Il y a une chose que l'on ne pourra pas reprocher à Gabriel Attal : le choix des images et des lieux. Venir annoncer ses mesures destinées à répondre à la révolte des agriculteurs dans une cour de ferme, derrière une botte de paille, puis aller rencontrer, sur l'A64 bloquée, les agriculteurs, dont Jérôme Bayle, leader du mouvement dans la Haute-Garonne, que l'on prenait pour un gros dur indomptable : l'image du vendredi soir est parfaite. Pour Gabriel Attal, qui traînait le boulet Oudéa-Castéra depuis sa nomination, l'adoubement par Jérôme Bayle, avec apéritif improvisé sur le blocage pour célébrer les « preuves d’amour » données, est une aubaine médiatique. Coup double pour le nouveau Premier ministre : il y a de fortes chances qu'il éteigne le mouvement et il vient de gagner, en un vendredi soir, son diplôme « cul des vaches » que ses prédécesseurs mettaient des décennies à acquérir. Gabriel Attal est un habile, c'est confirmé. D'autant plus qu'il n'est pas venu les mains vides : la fin de la hausse de la taxe sur le GNR (gazole non routier) - un camouflet pour Bruno Le Maire et le ministre du budget de l'époque, un certain ... Gabriel Attal - faisait partie du voyage. C'était une revendication phare du mouvement. Le gouvernement ne pouvait pas faire moins.

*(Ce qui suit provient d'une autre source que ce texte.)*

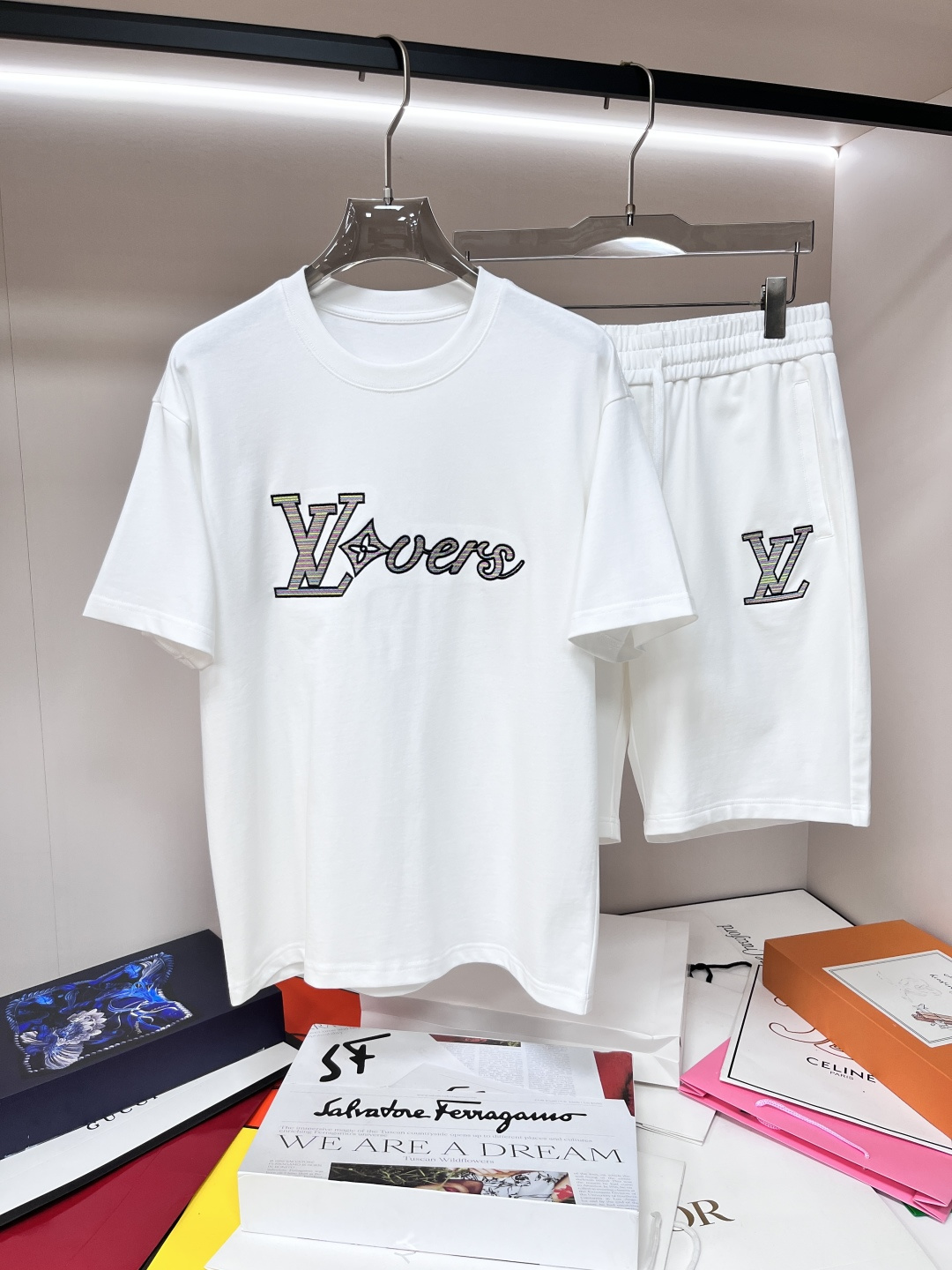 NO:145045,The main recommendation is the LV early spring model 2025 latest fashion designer donkey brand short-sleeved shorts suit. The details show the high-end structural tailoring design changes to show the diverse image changes of men, slim and neat, tailoring, and satisfy the popular multi-layered outfits nowadays, and the versatile style of life!  Number of codes 48-56 H2025 new model first release, louis vuitton,louis vuitton,shorts,T-shirt,alexander wang19860909主推 LV 早春款2025最新款时尚设计师款驴牌短袖短裤套装,处处细节显工艺足够的高级结构性剪裁的设计改变来展现男士多样的形象变化,修身利落、剪裁合体,满足时下正流行的多层次穿搭,生活百搭款式！ 码数48-56 H2025新款首发,,louis vuitton,louis vuitton,shorts,T-shirt,alexander wang,Men's clothing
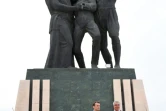 Le président français Emmnuel Macron et le ministre tunisien de la Défense, Abdelkarim Zebidi, devant le monument des martyrs de l'indépendance, le 1er février 2018 à Tunis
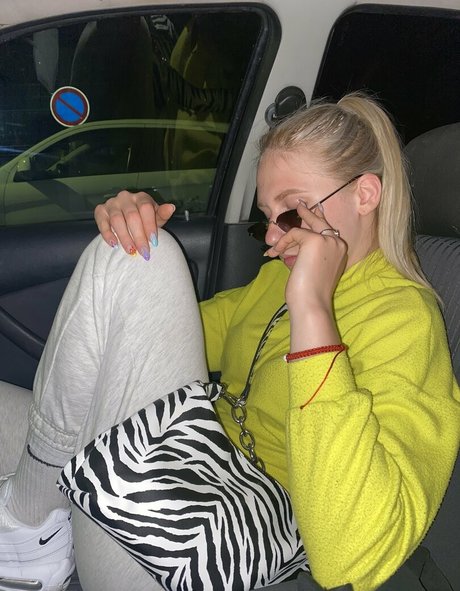 sucking cock onlyfans pretty images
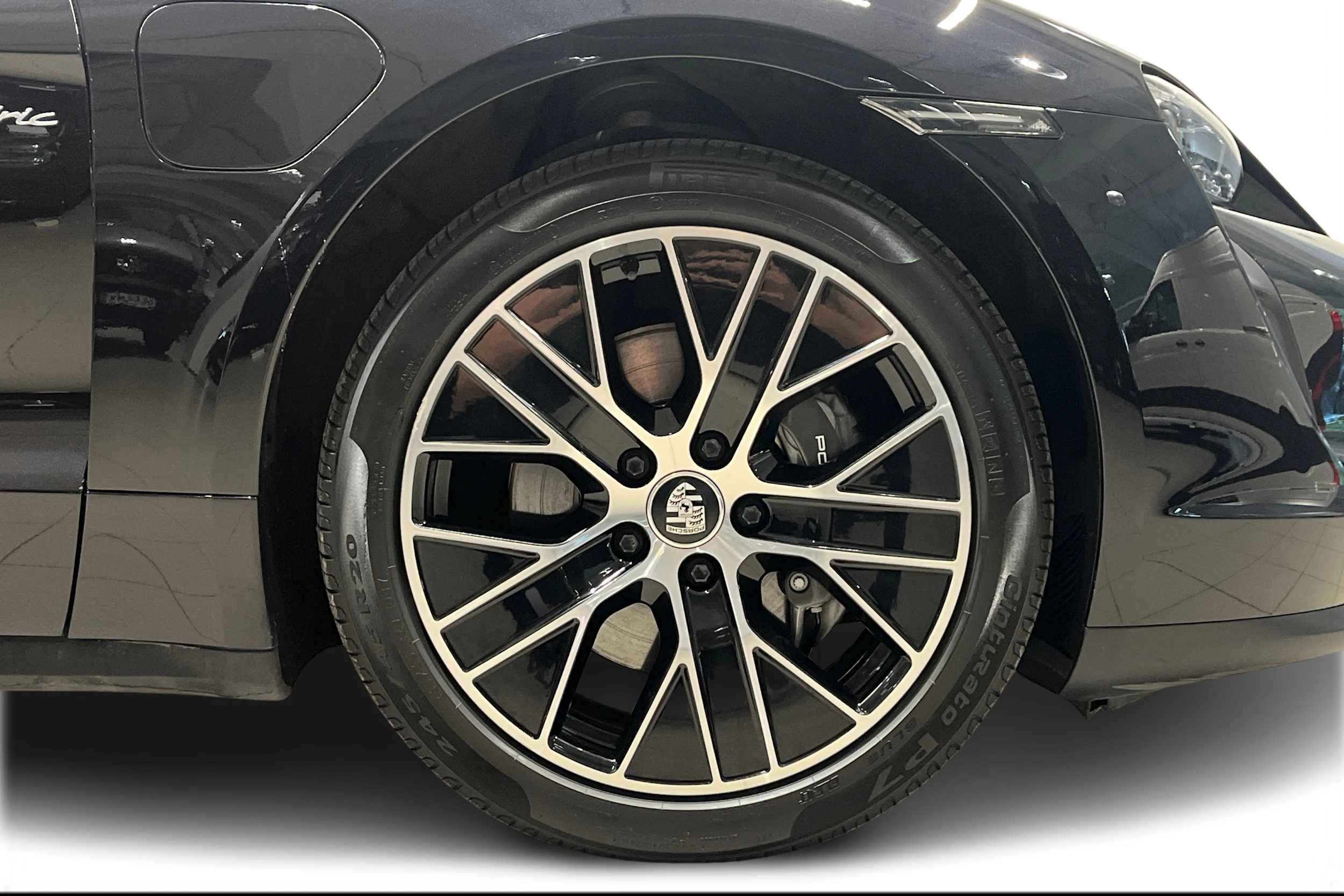 Porsche Taycan 2023 kuva 7.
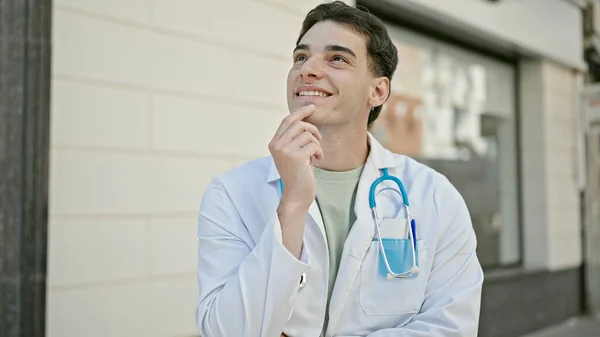 Genç Spanyol Doktor Hastanede Kendinden Emin Bir Şekilde Gülümsüyor — Stok fotoğraf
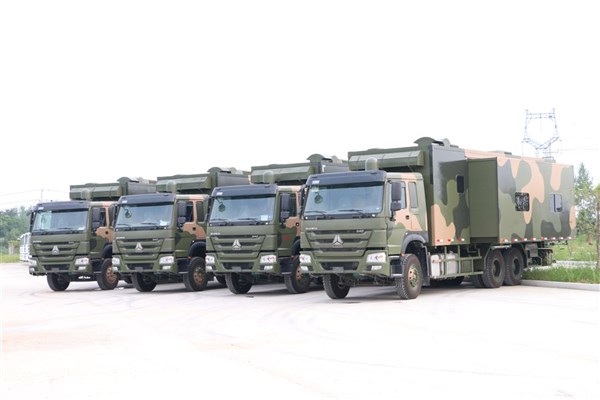 重汽后八輪28人宿營(yíng)車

Et pourtant, vendredi soir, plusieurs signes montraient que, contrairement aux troupes de Jérôme Bayle, d'autres agriculteurs n'étaient pas prêts à s'arrêter là. À Nîmes, dans la soirée, un bureau des douanes était incendié, causant d'importantes dégradations. À Agen les agriculteurs étaient toujours très mobilisés. Au niveau national, la FNSEA a appelé à poursuivre le mouvement, estimant que le Premier ministre n'avait répondu que partiellement aux raisons de la colère. Pour Arnaud Rousseau, son président, « il y a encore beaucoup de revendications auxquelles le ministre n’a pas répondu, notamment sur le prix, les surtranspositions européennes en droit français, les retraites agricoles parmi les plus faibles ou sur la question de l’élevage ». On en arrive au paradoxe de voir les syndicats traditionnels, jugés cogestionnaires, dépassés dans un premier temps par la base et un leader improvisé comme Jérôme Bayle, se positionner eux-mêmes en plus radicaux que cette base. Très compréhensible : en termes de crédibilité, ils ont eux aussi besoin, comme Gabriel Attal, de profiter de ce mouvement.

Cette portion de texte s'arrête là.